Wayward mountain bikers and horseriders have cut their own trails. Mountain bikers love the challenge of charging up the bluff and the hoot of rocketing down. They have sliced a track into the bluff south of the official trail. Another gouge lies near where I work. Legally, horseriders must stay on the official trails; but some have carved new trails along the top of the bluff and in more than one place through the lowland. A horse is a large animal. When one goes off trail, it does a lot of damage. A few years ago the Forest Preserve District began placing orange signs where unofficial trails split off from the official one, but these signs are regularly torn out or broken off.

A pair of birders join us now. They yank out some garlic mustard while they trade the latest nature news with us. They are here to see this site's avian stars, a pair of barred owls. These owls have returned to this area year after year, obstinately producing owlets despite the increasing human traffic.

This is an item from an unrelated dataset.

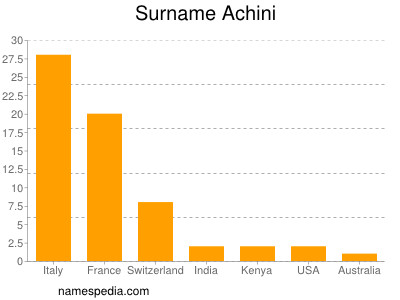 Surname Achini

Last year, we feared they had finally been driven out. The bottomland along the creek that is their chosen nesting habitat is no longer secluded enough. Yet instead of abandoning the site, they shifted up the slope to a quieter spot.

One of these owls once perched in a tree 50 feet above and watched us work. Most owls have yellow eyes, but the barred owl's eyes are dark moist marbles. Our overseer was about the size of a crow, but stouter. Its feathers were a smattering of white among a wet-bark brown.

We are losing the light now, but we work on a while longer, snatching wads of garlic mustard and stuffing them into our already stuffed bags. We gab among ourselves. Somehow the topic always turns to garlic mustard. It will be out of flower soon and harder to locate. Petro surveys the garlic mustard spread throughout the lowland. "Jackie," she declares, "you have job security." We are quiet now, absorbed in our work. Below us the sounds of the creek rise.